In FIG. 1 the source of the electrical input signal is indicated at 1. The input signal is fed to a comparison circuit 2 where it is compared with a second signal which is fed into the comparison circuit 2 over a line 3. By comparing the input signal and the second signal the compari 'son circuit 2 produces an error voltage which is fed to an amplifier 4. The amplified error voltage produced by the amplifier 4 is used to drive a control motor 5 which may be a two-phase induction motor. The control motor 5 controls the position of a visual index 6 which is movable along a scale which in practice is displayed at the front of the apparatus, and also controls the position of a recording pen 7 which is movable by the motor 5 across the surface of a recording medium which may be a paper band which can be driven at right angles to the direction of movement of the pen in known manner.

The control motor 5 also drives a feedback element 8 which provides the said second electrical signal which is fed into the comparison circuit 2 over the line 3. The second signal generated by the feedback element 8 is dependent upon the position of the pen 7 and is normally required to be proportional to the displacement of the pen from the position which it occupies when the input signal is zero. I

Thus the apparatus continually compares the position of the pen, as reflected in the value of the second signal produced by the feedback element, with the value of the input signal, and thereby produces an error voltage which drives the motor to move the index or the pen in accordance with any change in the value of the input signal.

A controller 9 may also be driven by the motor 5 to effect a corrective adjustment to whatever variable the input signal is being derived from.

FIG. 2 shows a variable transformer unit in accordance with the present invention which may be included in the feedback element 8 of a recorder/indicator as shown in FIG. 1.
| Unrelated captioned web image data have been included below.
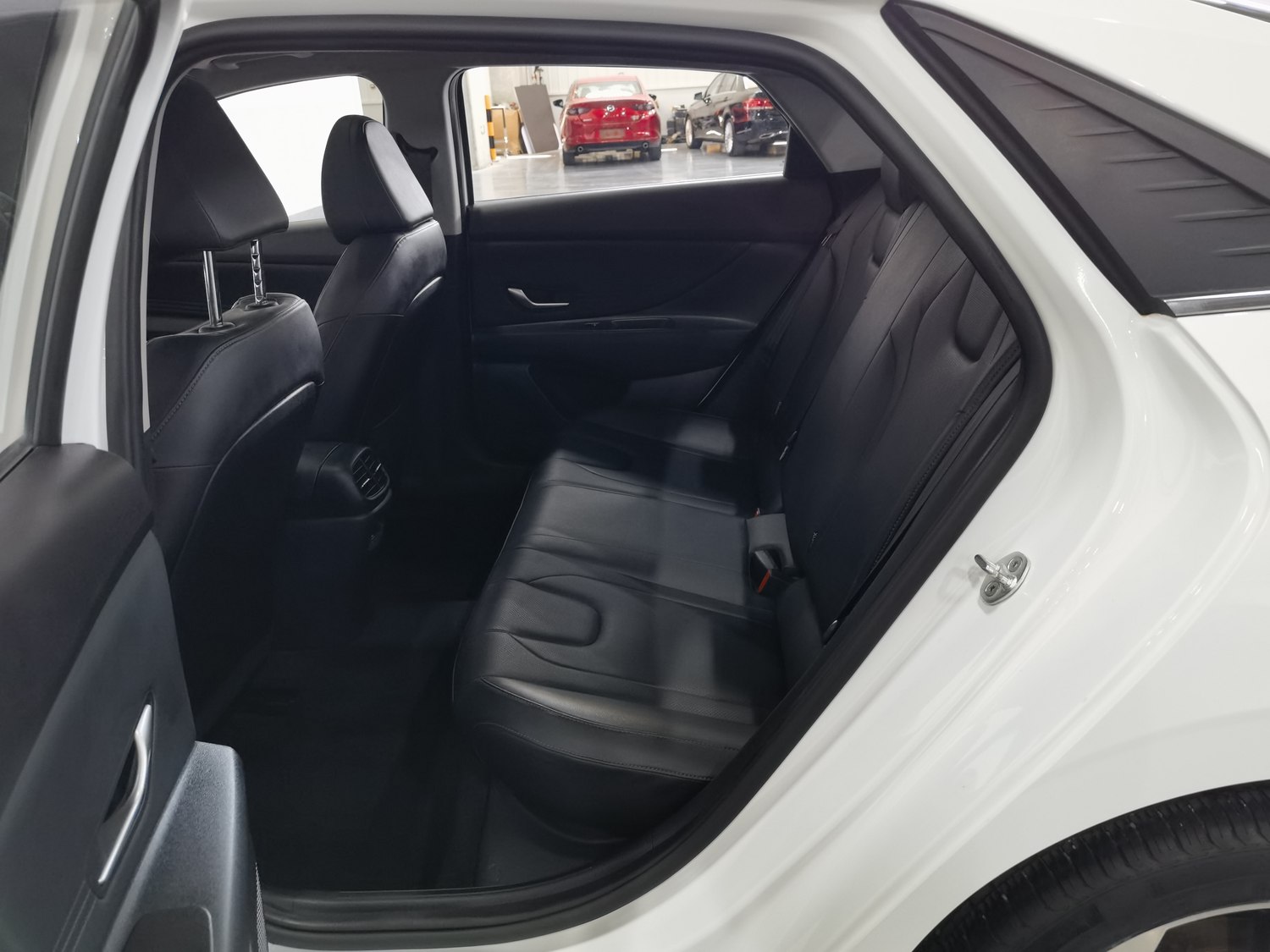 Used Hyundai Avante 2022 1.5 AT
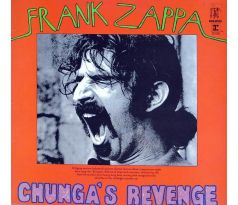 ZAPPA FRANK - Chunga´s Revenge / LP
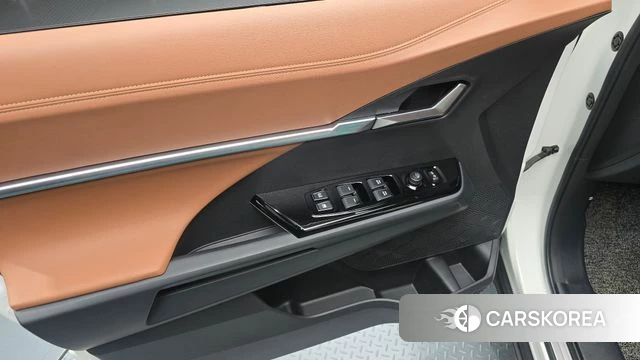Ssangyong The New Torres id 4941077 из Кореи 16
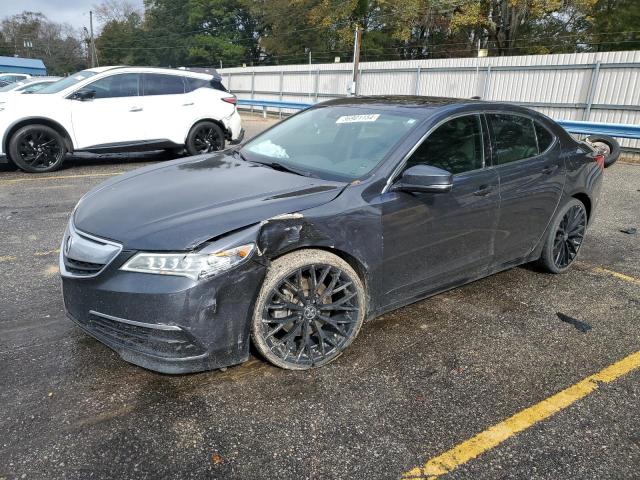 Lot #2388329339 2015 ACURA TLX TECH salvage car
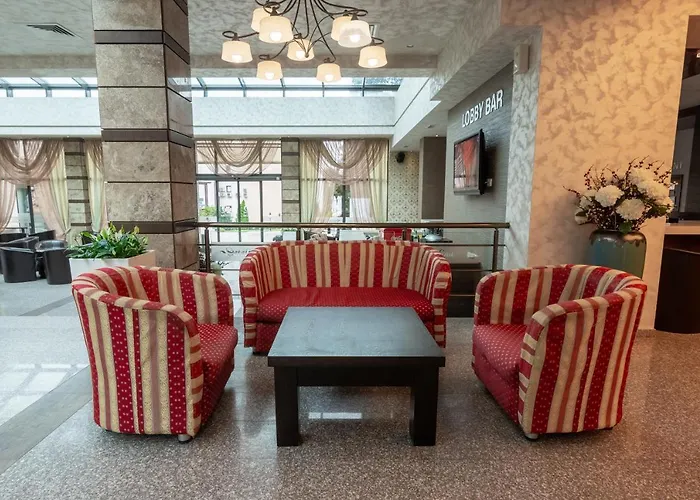 Detelina Hotel Zlate písky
The variable transformer unit shown in FIG. 2 includes a transformer which has a primary winding 10 supported on a former 11 and a secondary winding generally indicated at 12 which is constituted by a part of a flexible conductive element 13, such as a fine metal wire, which part is wound on a rotatable member in the form of a drum 14. By rotating the drum 14 in one direction or the other, the number of turns in the secondary winding 12 can be increased or decreased because turns of the flexible element 13 will be wound on to or unwound from the drum 14 according to the direction in which the rotation takes place.

Another portion 15 of the flexible element 13 is wound on to the drum 14 at the opposite end from the secondary winding 12, that is to say out of proximity to the primary winding 10. The portion 15 of the flexible element 13 forms an inactive coil which is wound onto the drum 14 in the same sense as the secondary winding 12 so that when the drum 14 is rotated to wind more turns into the secondary winding 12, an equal number of turns will be unwound from the inactive windings 15 and vice versa. The drum 14 is driven by means of the flexible conducting element 13 itself from a wheel 16 which is mounted on an axle 17 which is driven by the motor 5 through a suitable transmission. One end portion 18 of the flexible element 13 is engaged round the outside of the wheel in a clockwise direction, as illustrated in FIG. 2, and the other end portion 19 of the flexible element 13 is engaged round the outside of the wheel 16 in an anticlockwise direction, as illustrated in FIG. 2. The flexible element 13 is held taut between the drum 14 and the wheel 16 by means of a spring biased tension pulley 20.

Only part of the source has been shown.